Imaginemos nós que nos apagam a memória. A primeira coisa que a partir daqui começamos a pensar é na perda de referências aos nossos familiares, aos locais que conhecemos, às experiências que já vivemos. Mas temos de pensar que para uma criança isso é ainda o mais insignificante. Sobretudo neste primeiro ano.
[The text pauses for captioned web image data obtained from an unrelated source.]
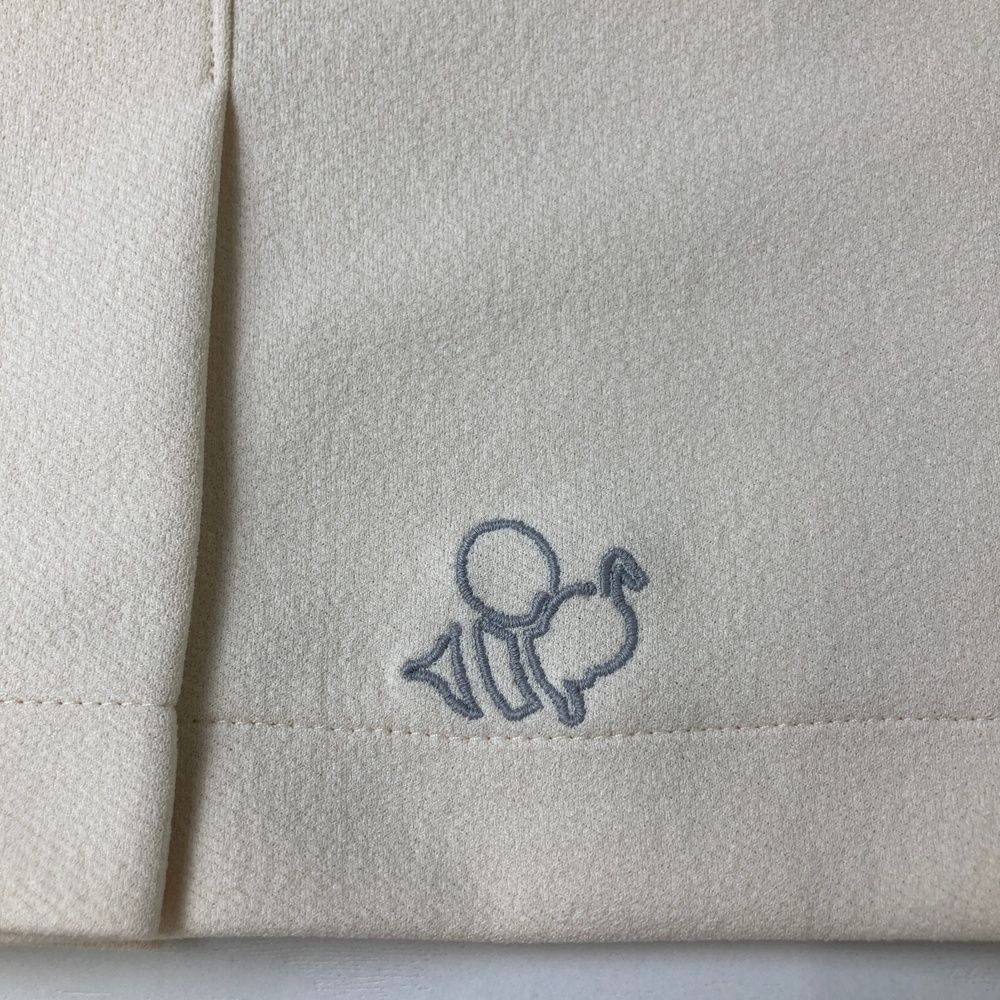 サイズ：L 8YARDS ハチヤーズ 2023年モデル ストレッチスカート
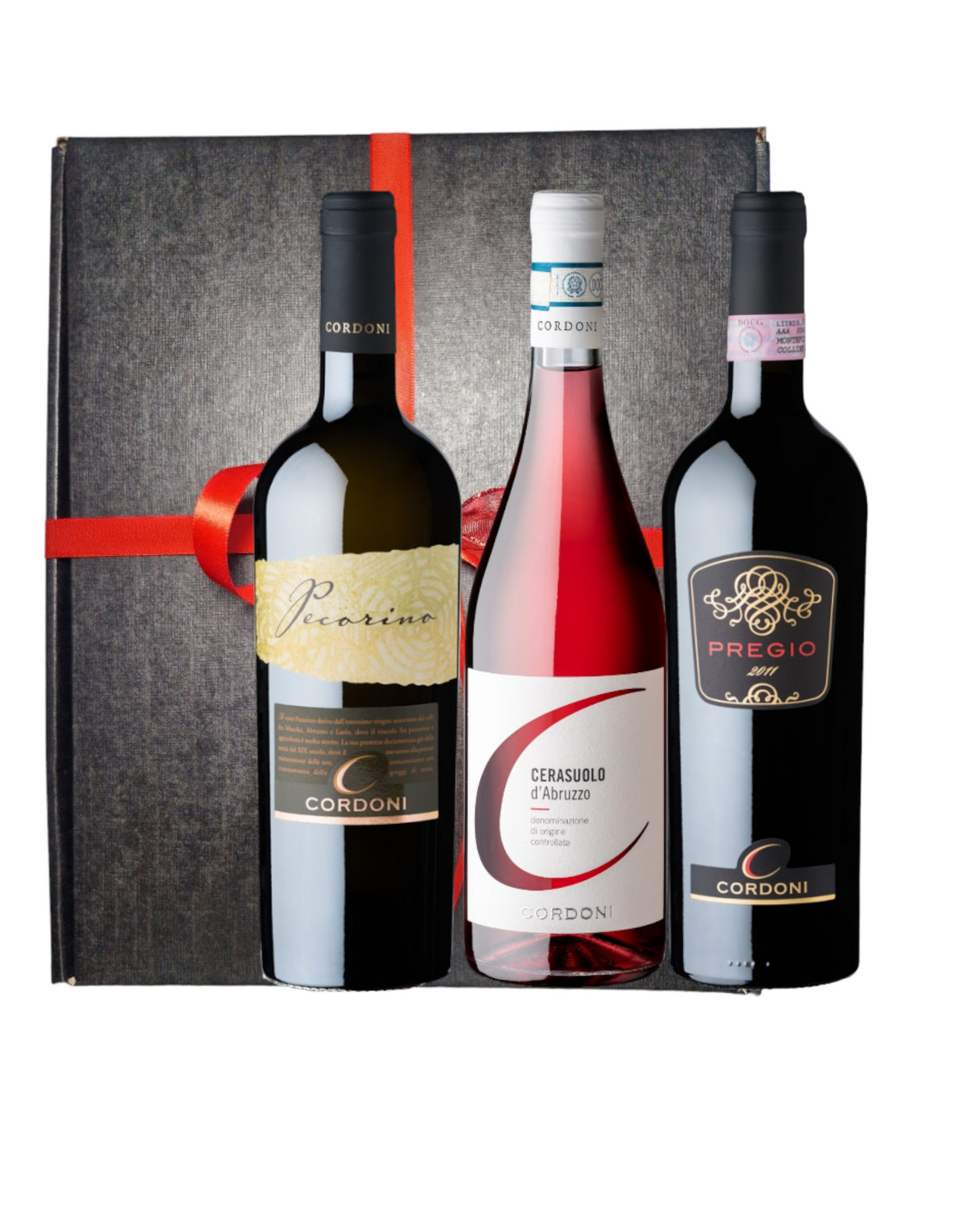 Regalo ABRUZZO cod. AB002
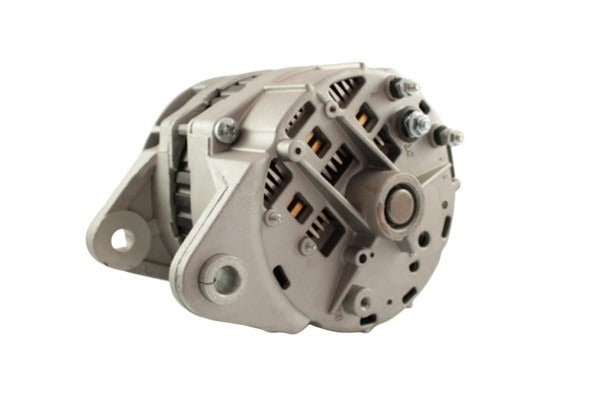 Belstarter IR6390 | 19 | img_0_0_8.jpg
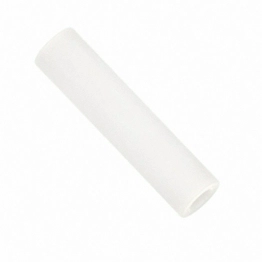ESSENTRA 005375800014 image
Ao observar-te a ti, Martim, convenço-me ainda mais dessas fantásticas e absolutamente incríveis horas em que tocas e tentas perceber a textura da madeira da mesa, a textura do ferro de uma grade, de uma trave de madeira rugosa de um banco... Como a laranja que se corta é tão diferente por fora face à parte de dentro. Como o cheiro e textura ácidas são uma coisa tão estranha. Como o pai traz pêlos no peito e a mãe não traz. Como o teu próprio corpo traz consigo pernas, pés, braços, mãos, e afinal tu és quem os controlas. Como aquela coisa (que se chama pega) naquela outra coisa (que se chama porta) serve para meter a mão e abrir. E como dentro daquela coisa grande (armário) existem tantas outras coisas coloridas e com tantas formas diferentes e estranhas (pacotes, embalagens, caixas, ...)

Uau!

Isto não é ser extra-terrestre.
Isto é o começo da Vida.

E nós, pais babados, damo-nos hoje conta, com a consciência de adultos que já temos, de todo um processo que também nós fizemos há alguns anos atrás. E é maravilhoso imaginar como uma criança, nestes primeiros anos de vida, tem tamanhos dias recheados de experiências tão unicamente novas, absolutamente novas, exclusivas, nunca vividas. Dias em que com a ponta dos seus dedos curiosos e tímidos, dos olhos ávidos, da boca que tudo absorve e dos restantes sentidos atentos assim vai por tais pequenas grandes coisas pela primeiríssima vez descobrindo, tocando, cheirando, sentindo e vivendo tudo.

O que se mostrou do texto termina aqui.